La principessa splendente – un inno alla vita tra gioia e dolore

Nel 2013 usciva nelle sale giapponesi La storia della principessa splendente, l’ultimo lungometraggio, prima della sua morte nel 2018, del regista Isao Takahata. Cofondatore insieme ad Hayao Miyazaki dello Studio Ghibli e autore di altri importanti film animati come Una tomba per le lucciole (1988) e Pioggia di ricordi (1991), Takahata è stato uno dei grandi maestri dell’animazione giapponese. La storia della principessa splendente rappresenta il suo testamento artistico: è una splendida e tragica opera che si pone l’arduo compito di raccontare cosa significa vivere.
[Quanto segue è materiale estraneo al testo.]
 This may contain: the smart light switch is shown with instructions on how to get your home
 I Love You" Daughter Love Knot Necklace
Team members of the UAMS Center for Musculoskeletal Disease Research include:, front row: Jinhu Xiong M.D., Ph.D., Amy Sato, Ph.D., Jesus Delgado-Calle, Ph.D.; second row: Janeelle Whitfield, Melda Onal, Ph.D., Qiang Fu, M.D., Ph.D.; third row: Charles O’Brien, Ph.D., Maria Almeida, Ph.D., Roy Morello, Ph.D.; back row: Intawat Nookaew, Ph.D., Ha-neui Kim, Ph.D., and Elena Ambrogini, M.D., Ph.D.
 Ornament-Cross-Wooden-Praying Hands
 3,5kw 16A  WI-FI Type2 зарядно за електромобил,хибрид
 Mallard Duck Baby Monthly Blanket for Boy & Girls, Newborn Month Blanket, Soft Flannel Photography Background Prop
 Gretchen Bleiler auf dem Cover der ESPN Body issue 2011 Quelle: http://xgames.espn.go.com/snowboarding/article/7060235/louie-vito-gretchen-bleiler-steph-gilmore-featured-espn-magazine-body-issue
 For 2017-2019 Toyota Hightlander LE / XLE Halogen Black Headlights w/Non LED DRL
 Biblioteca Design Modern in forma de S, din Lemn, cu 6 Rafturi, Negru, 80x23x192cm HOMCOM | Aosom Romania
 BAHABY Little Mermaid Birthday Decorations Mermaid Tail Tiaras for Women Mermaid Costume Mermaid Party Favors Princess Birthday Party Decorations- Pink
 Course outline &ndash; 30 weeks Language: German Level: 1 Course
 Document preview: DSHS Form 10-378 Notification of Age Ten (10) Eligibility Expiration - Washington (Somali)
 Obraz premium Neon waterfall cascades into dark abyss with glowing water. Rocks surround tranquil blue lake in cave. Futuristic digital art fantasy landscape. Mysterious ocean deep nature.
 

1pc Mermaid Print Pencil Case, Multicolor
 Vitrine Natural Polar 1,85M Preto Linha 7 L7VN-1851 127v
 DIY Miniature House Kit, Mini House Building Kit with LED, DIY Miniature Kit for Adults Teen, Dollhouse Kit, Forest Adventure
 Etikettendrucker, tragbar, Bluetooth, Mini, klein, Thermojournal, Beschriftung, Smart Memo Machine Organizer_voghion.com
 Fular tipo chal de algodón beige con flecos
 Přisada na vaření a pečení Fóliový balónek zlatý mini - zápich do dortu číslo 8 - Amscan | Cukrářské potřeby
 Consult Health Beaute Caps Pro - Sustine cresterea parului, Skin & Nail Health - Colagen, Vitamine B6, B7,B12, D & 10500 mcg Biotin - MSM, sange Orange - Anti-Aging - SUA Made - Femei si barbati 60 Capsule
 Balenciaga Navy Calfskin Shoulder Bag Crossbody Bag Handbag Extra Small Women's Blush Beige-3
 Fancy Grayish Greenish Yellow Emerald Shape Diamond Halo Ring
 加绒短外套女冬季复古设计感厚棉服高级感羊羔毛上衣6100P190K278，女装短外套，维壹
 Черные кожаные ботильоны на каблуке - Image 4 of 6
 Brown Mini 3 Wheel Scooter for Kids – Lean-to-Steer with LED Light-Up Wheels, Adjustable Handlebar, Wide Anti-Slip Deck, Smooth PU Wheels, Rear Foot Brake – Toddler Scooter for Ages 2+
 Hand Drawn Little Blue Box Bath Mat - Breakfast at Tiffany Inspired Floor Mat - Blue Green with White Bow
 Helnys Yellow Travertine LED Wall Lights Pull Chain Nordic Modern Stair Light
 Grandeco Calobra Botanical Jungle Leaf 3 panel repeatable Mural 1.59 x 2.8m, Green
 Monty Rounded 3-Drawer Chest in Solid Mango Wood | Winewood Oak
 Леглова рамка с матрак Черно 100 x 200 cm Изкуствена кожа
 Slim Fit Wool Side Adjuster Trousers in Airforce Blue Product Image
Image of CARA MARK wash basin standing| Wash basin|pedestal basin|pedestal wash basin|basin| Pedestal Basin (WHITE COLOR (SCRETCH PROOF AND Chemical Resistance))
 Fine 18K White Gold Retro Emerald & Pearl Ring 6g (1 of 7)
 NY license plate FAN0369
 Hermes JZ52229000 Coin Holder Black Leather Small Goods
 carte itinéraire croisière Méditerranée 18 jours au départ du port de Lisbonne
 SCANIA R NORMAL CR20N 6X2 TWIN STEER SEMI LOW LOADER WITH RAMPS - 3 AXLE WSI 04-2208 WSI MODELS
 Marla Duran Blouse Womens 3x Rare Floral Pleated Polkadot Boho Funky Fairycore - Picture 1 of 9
La Storia di un tagliabambù

Il film è un adattamento del Taketori monogatari, “Storia di un tagliabambù”. Si tratta di un antico racconto popolare giapponese (curato e tradotto nell’edizione italiana da Adriana Boscaro per Marsilio), la cui prima stesura scritta risale al 909 d.C.

Narra la triste vicenda della principessa splendente, un’abitante della luna, precipitata sulla terra per scontare una colpa (forse quella di aver desiderato vivere come gli esseri umani) e poi costretta a ritornare, con rammarico, al suo luogo d’origine. È una metafora del nostro cammino nel mondo: una storia universale di nascita, crescita e morte.

Antico e moderno

Nonostante sia basato su un antico racconto, e quindi sia ambientato in un Giappone remoto nel tempo, il film riesce a dialogare con la nostra sensibilità moderna. Questo perché Takahata ha riscritto il Taketori monogatari arricchendolo e modernizzandolo. Le variazioni sono poche e sottili ma molte sono le aggiunte: le quali sono volte principalmente ad approfondire la psicologia della principessa e quindi scavare nei suoi sentimenti, non solo con le parole ma anche, e soprattutto, tramite il movimento (c’è infatti una grande attenzione al corpo e alla gestualità). Come facevano i grandi registi giapponesi del passato quali Kurosawa, Kobayashi e Mizoguchi, anche Takahata usa il racconto storico-mitico, per toccare in maniera indiretta la sensibilità dei contemporanei e mettere in questione cosa significa essere umani.

Lo stile

Dal punto di vista stilistico La storia della principessa splendente rappresenta un’espressione unica di libertà artistica. Il film è disegnato e animato interamente a mano con un’estrema minuziosità e cura. I fondali ad acquerello sono impressionistici, e i colori espressivi e simbolici. Ogni fotogramma ha vita propria; l’animazione è fluida e mette in primo piano il sentimento.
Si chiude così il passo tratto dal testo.